Chapter I could never live here.
The air of the village bites like glass—sharp and clean down my throat.
It’s no difference to the gaze that slides to me every other moment.
Turns out, Dray is joining us.
He and Oliver seem to have no problem just inviting themselves along with us.
Now I wander behind Serena and Oliver, arm in arm, like they have no issues in their twisted relationship.
Serena stops on the snowy cobblestone to consider the new window display at Chloé’s.
Dray keeps my pace to the window and patience has him pausing at my side as I consider the blush of the silky dress draping the mannequin.
The sort of dress that would kill on someone like Asta, with a pilates body and barely-there breasts.
Chloé’s is the best boutique in VeVille, all natural fibres, handmade, imported—and on the pricey side, so I’m certain it’s the aristos students who keep this place afloat.
But the dress isn’t for my body type, so I appreciate it for a moment before I watch the village come to life in the window’s reflection.

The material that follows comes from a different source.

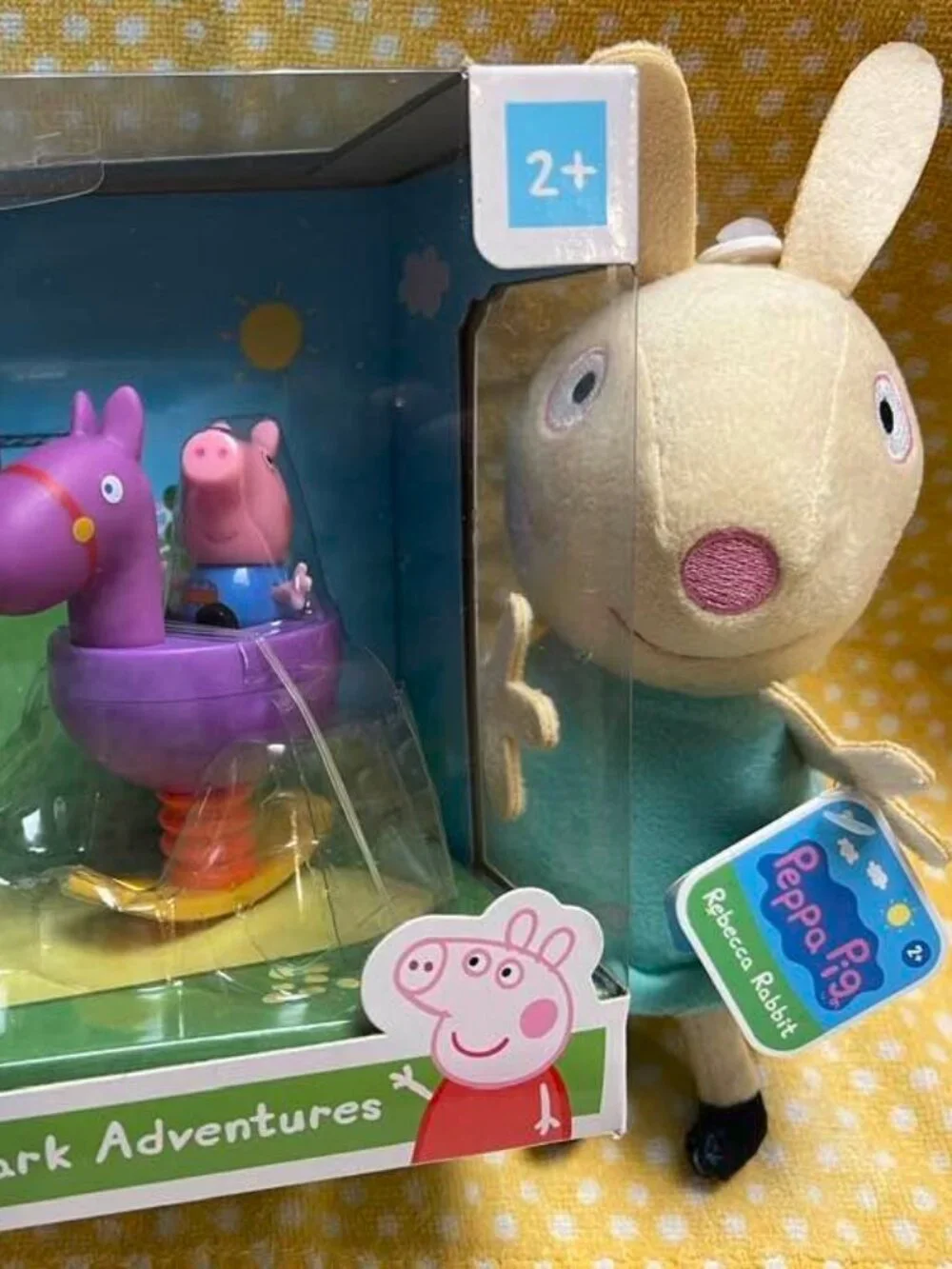 Peppa Pig Park Adventures NIB w/Rebbeca Rabbit w/tags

The streets are flooded with students.
Every witch that passes is a picture of scarves and hats and gloves, long coats, puffy coats, or the braver locals who simply wear sweaters as they rush down the crooked street to the bakery—before it’s swarmed by us, the invaders.
“I could never live here.”
The confession is a misty breath from my lips—glossed and prepared for the bite of the cold—and the moment I confess it, Serena turns her cheek to the shop window that held her attention, and she looks blankly at me.
I watch the window, the reflections in it.
Behind Serena, as though I didn’t speak at all, Oliver is checking over the palm-sized notepad with game scores inked all over it—games from outside of Bluestone.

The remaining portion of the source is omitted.